#### [What this task involves]
The lines to repeat are those below from the one containing "iPhone 17 Pro" down to the one containing "Item preview, Bloomed", both included; reproduce them exactly and nothing else.

#### [Task input]
....
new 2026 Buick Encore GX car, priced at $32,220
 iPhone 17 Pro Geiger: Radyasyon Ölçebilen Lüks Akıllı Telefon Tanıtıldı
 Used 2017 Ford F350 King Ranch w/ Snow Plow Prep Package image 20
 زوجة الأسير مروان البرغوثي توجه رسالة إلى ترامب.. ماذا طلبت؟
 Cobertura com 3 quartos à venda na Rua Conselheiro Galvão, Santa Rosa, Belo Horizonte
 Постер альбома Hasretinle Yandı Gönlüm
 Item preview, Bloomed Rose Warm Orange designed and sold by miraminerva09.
....
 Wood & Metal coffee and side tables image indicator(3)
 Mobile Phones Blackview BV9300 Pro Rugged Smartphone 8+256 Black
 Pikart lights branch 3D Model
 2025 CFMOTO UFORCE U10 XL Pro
....
#### [Response area]
 iPhone 17 Pro Geiger: Radyasyon Ölçebilen Lüks Akıllı Telefon Tanıtıldı
 Used 2017 Ford F350 King Ranch w/ Snow Plow Prep Package image 20
 زوجة الأسير مروان البرغوثي توجه رسالة إلى ترامب.. ماذا طلبت؟
 Cobertura com 3 quartos à venda na Rua Conselheiro Galvão, Santa Rosa, Belo Horizonte
 Постер альбома Hasretinle Yandı Gönlüm
 Item preview, Bloomed Rose Warm Orange designed and sold by miraminerva09.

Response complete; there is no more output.